Frankfurt a.M., Stockholm (epd)Der Literaturnobelpreis geht in diesem Jahr an die weißrussische Schriftstellerin und Journalistin Swetlana Alexijewitsch. Sie werde ausgezeichnet für ihr "vielstimmiges Werk, das dem Leiden und dem Mut in unserer Zeit ein Denkmal setzt", sagte die Leiterin der Schwedischen Akademie und Jury-Vorsitzende, Sara Danius, am Donnerstag in Stockholm. Der Preis ist mit acht Millionen Schwedischen Kronen, umgerechnet rund 860.000 Euro, dotiert. Er wird am 10. Dezember verliehen, dem Todestag des schwedischen Industriellen und Preisstifters Alfred Nobel (1833-1896).

Die 67-jährige Autorin ist vor allem für ihre literarischen Reportagen aus dem tagtäglichen Leben in ihrer Heimat Weißrussland und der Ukraine bekannt. Sie sei "überglücklich" gewesen, als sie von der Ehrung erfahren habe und habe sie "fantastisch" gefunden, sagte Danius nach der Bekanntgabe der Preisträgerin.

"Geschichte der Gefühle"

Swetlana Alexijewitsch zeichne seit über 30 Jahren Individuen der Sowjet- und Postsowjetzeit. Dabei gehe es ihr nicht allein um die Historie, sondern um eine "Geschichte der Gefühle", sagte die Jury-Vorsitzende und Literaturwissenschaftlerin. Ihr erstes Buch "Der Krieg hat kein weibliches Gesicht" (1985, dt. 1987) über russische Front-Frauen im Zweiten Weltkrieg habe eine "große und unbekannte Geschichte" zum Thema. Es sei ein "berührendes Dokument", das einem jede einzelne Figur sehr nahebringe.

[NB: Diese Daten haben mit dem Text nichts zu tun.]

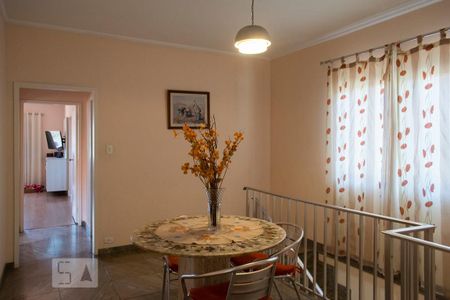 Casa à venda com 302m², 3 quartos e 6 vagasHALL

Fast das ganzes Werk von Alexijewitsch stützt sich auf Gespräche mit Zeitzeugen. Ihrem Erstlingswerk lagen Hunderte Interviews mit Frauen zugrunde. In der Folgezeit schrieb sie unter anderem "Tschernobyl. Eine Chronik der Zukunft" (dt. 1997) und "Zinkjungen. Afghanistan und die Folgen" (dt. 1992). Zuletzt erschien "Secondhand-Zeit. Leben auf den Trümmern des Sozialismus" (dt. 2013).

Freude über den Nobelpreis herrschte am Donnerstag auch beim Verlag Hanser Berlin, wo die meisten Bücher der Weißrussin auf Deutsch erschienen sind. "Swetlana Alexijewitsch hat ein literarisch wie menschlich einzigartiges Werk geschaffen. Ihre Bücher sind eine Chronik des homo sovieticus, für die sie ein eigenes, zwischen Belletristik und Dokumentation liegendes Genre geprägt hat", sagte Verleger Karsten Kredel. Die Autorin widme sich menschlichen Stimmen, Erfahrungen und Schicksalen, die in den großen kollektiven Utopien keinen Platz hätten.

Einige Jahre im Ausland

Die am 31. Mai 1948 in der Ukraine geborene und später in Weißrussland aufgewachsene Autorin arbeitete von 1967 bis 1972 als Journalistin und Lehrerin. Aufgrund ihrer oppositionellen Haltung wurde sie zunächst an eine Provinzzeitung geschickt, später kehrte sie in die weißrussische Hauptstadt Minsk zurück und schrieb für die Zeitung "Sel'skaja Gazeta".

Als Regimekritikerin kam sie immer wieder in Konflikt mit der Obrigkeit und den Zensurbehörden in Weißrussland. Über zwölf Jahre lebte sie daher im Ausland, unter anderem in Italien, Frankreich, Deutschland und Schweden. Heute ist Alexijewitsch wieder in Minsk zuhause. In Weißrussland dürfen ihre Bücher Hanser zufolge allerdings seit der Machtübernahme Alexander Lukaschenkos nicht verlegt werden.

Für ihr Werk wurde Swetlana Alexijewitsch bereits mit etlichen Preisen geehrt. So erhielt sie unter anderem den Tucholsky-Preis des Schwedischen PEN (1996), den Leipziger Buchpreis zur Europäischen Verständigung (1998) und 2013 den Friedenspreis des Deutschen Buchhandels.

Leer gingen diesmal beim Nobelpreis wieder der Japaner Haruki Murakami, der Kenianer Ngugi wa Thiong'o und der US-Amerikaner Philip Roth aus, die erneut zu den Favoriten gehört hatten. Im vergangenen Jahr hatte der Franzose Patrick Modiano die Auszeichnung erhalten, im Vorjahr die Kanadierin Alice Munro.